2007 wurde die Partei „Die Friesen” gegründet. Obwohl sie nur ein paar Dutzend Mitglieder hatte, erreichte sie bei der Landtagswahl ein halbes Jahr nach ihrer Gründung bereits 10.000 Stimmen. Niedersachsenweit waren dies 0,3% und die Partei verfehlte den Einzug in den Landtag deutlich.[8] Im Leeraner Kreistag sowie in den Samtgemeinden Brookmerland und Hesel und der Gemeinde Rhauderfehn konnte sie jedoch je einen Sitz erringen und im Wahlbezirk Leer/Borkum war ihr Stimmenanteil bei der Landtagswahl immerhin 4,5%. Die Bewerbung um einen Sitz im Landtag war von vornherein chancenlos. Dazu hätten selbst sämtliche Wähler_innenstimmen Ostfrieslands nicht gereicht. 10.000 Stimmen, davon die meisten aus Ostfriesland, scheinen mir jedoch Ausdruck gezielten Protests gegen den Umgang der etablierten Landtagsparteien mit ostfriesischen Belangen zu sein. Im Forderungskatalog der Friesenpartei steht an erster Stelle (in etwas ostfriesisch-verquerer Sprache): „Selbstbestimmung unser Tätigkeitsgebiet”. Bei den konkreten Forderungen ist das Reizwort unisono „Hannover”, wobei die Partei explizit auf die Entrechtung Ostfrieslands durch das damalige Königreich Bezug nimmt. Momentan ist es um die Partei eher still geworden. Möglicherweise scheitert sie, weil sie mangels Mitgliedern in sie gesetzte Erwartungen nicht erfüllen kann. Zur Landtagswahl 2013 trat sie nicht an.

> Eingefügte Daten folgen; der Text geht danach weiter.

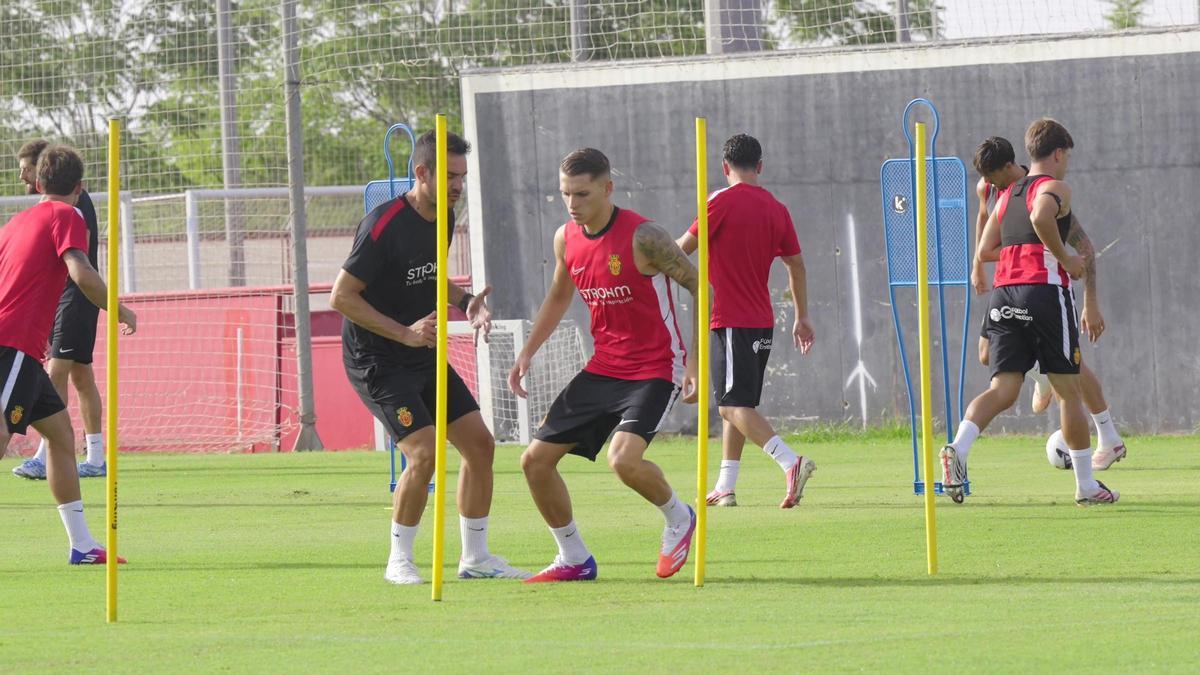 Alex Sala, entrenándose este miércoles en Son Bibiloni.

Auf ein wieder erstarktes Regionalbewusstsein deuten aber auch andere Entwicklungen hin. 2010 schlossen sich die drei ostfriesischen Landkreise und die Stadt Emden zu einem „Regionalrat Ostfriesland” zusammen. Ziel dieses Regionalrats ist die Förderung und Verstärkung der Zusammenarbeit der Gebietskörperschaften. Vor allem geht es um die „Außenpolitik”:

„Nach außen möchten die beteiligten Kommunen einheitlich als Region auftreten.”[9]

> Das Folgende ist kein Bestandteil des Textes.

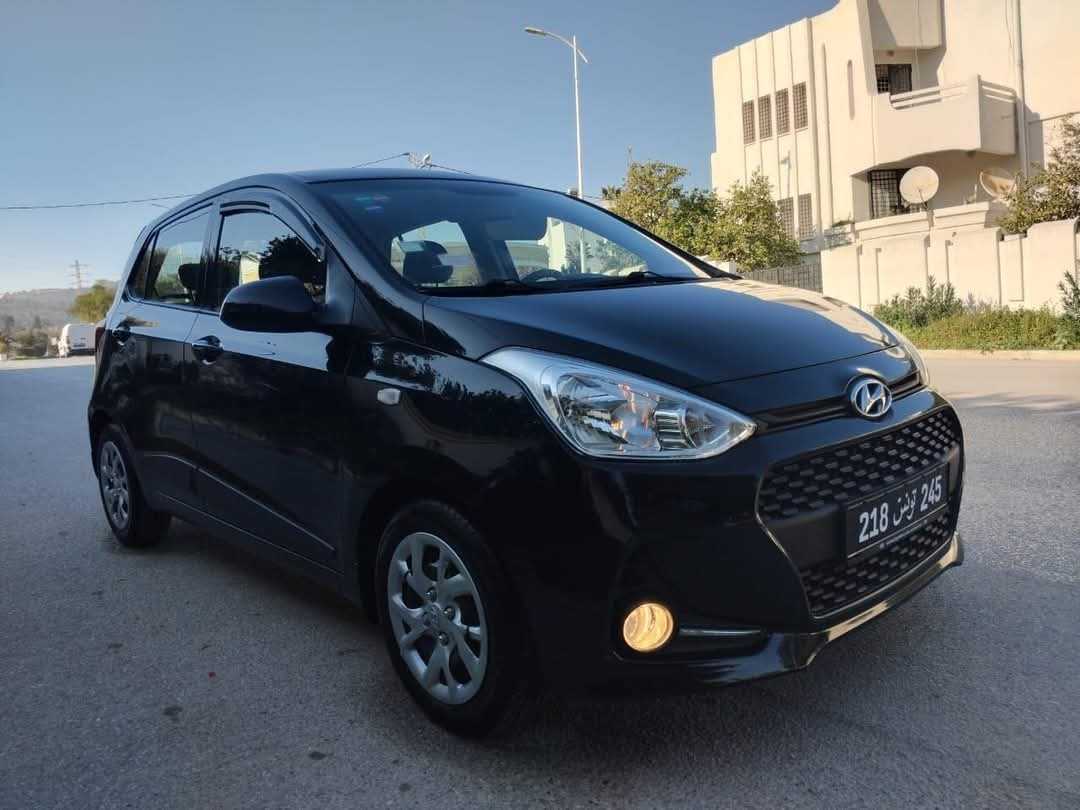 HYANDAI GRAND I 10 PREMIÈRE MAIN TRÈS PROPRE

Mit von der Partie sind neben den Gebietskörperschaften für die Region zuständige Abgeordnete des Bundes- und des Landtages sowie ein Mitglied des Europäischen Parlaments. Das Gremium hat bisher zwar mehrere Resolutionen verabschiedet, kann aber wenig bewirken. Zum einen sind interne Rücksichtnahmen auf unterschiedliche Interessen sowohl der politischen Parteien als auch der Gebietskörperschaften unumgänglich, zum anderen mangelt es dem Gremium an Durchsetzungsmacht gegenüber den lokalen „Herrschern_innen”. So wird kolportiert, dass der Leeraner Landrat noch nie an den Sitzungen teilgenommen habe. Geplant war von Anfang an, dass der Regionalrat alsbald von der Bevölkerung direkt gewählt werden solle. Als das Thema „Direktwahl” Mitte 2012 erneut auf der Tagesordnung stand, stellte die CDU-Fraktion – berechtigterweise – die Frage, ob hierzu nicht Beschlüsse der Kreistage notwendig seien. Man kann diese Frage auch noch weiter fassen: Im politischen System der Bundesrepublik ist ein solch zusätzliches Parlament nicht vorgesehen, womit sich sowohl die Frage nach dessen Zulässigkeit als auch nach der Zukunft der Kreistage stellt. Mittlerweile lehnen sowohl die SPD als auch die CDU eine Direktwahl ab. Rückenwind erhält die Perspektive eines „Ostfriesischen Parlaments” aber von anderer Seite.

2010/12 hat das Internationale Institut für Staats- und Europawissenschaften unter Leitung von Prof. Dr. Joachim Jens Hesse ein Gutachten zu den Kommunalstrukturen in Niedersachsen erstellt: Emden solle aufgrund akuter Finanzierungsprobleme und der demographischen Entwicklung seine Kreisfreiheit „überdenken”, der Kreis Wittmund sei wegen seiner geringen Einwohnerzahl kaum überlebensfähig, und die Kreise Aurich und Leer sollten mit Emden zu einem „Ostfriesischen Kernland” zusammenwachsen.[10] Allerdings opponierten die Landräte und der Oberbürgermeister Emdens umgehend. Was auch sollte sie und die Kreistage sowie den Rat der Stadt Emden veranlassen, sich selbst abzuschaffen? Die Geschichte des Föderalismus in Deutschland lehrt: Die Verwaltung wusste immer schon ihre Posten zu sichern. Ich bin daher skeptisch, dass Ostfriesland es schafft, nach 200 Jahren wieder eine eigene Regierung (wenngleich immer noch unter der Oberherrschaft von „Hannover”) zu Stande zu bringen. Ostfriesland wird weiterhin innerhalb Niedersachsens nur eine schwache Position haben. Die Selbstabgrenzung von „Düütskland” bleibt einstweilen ein Zeichen von Hilflosigkeit.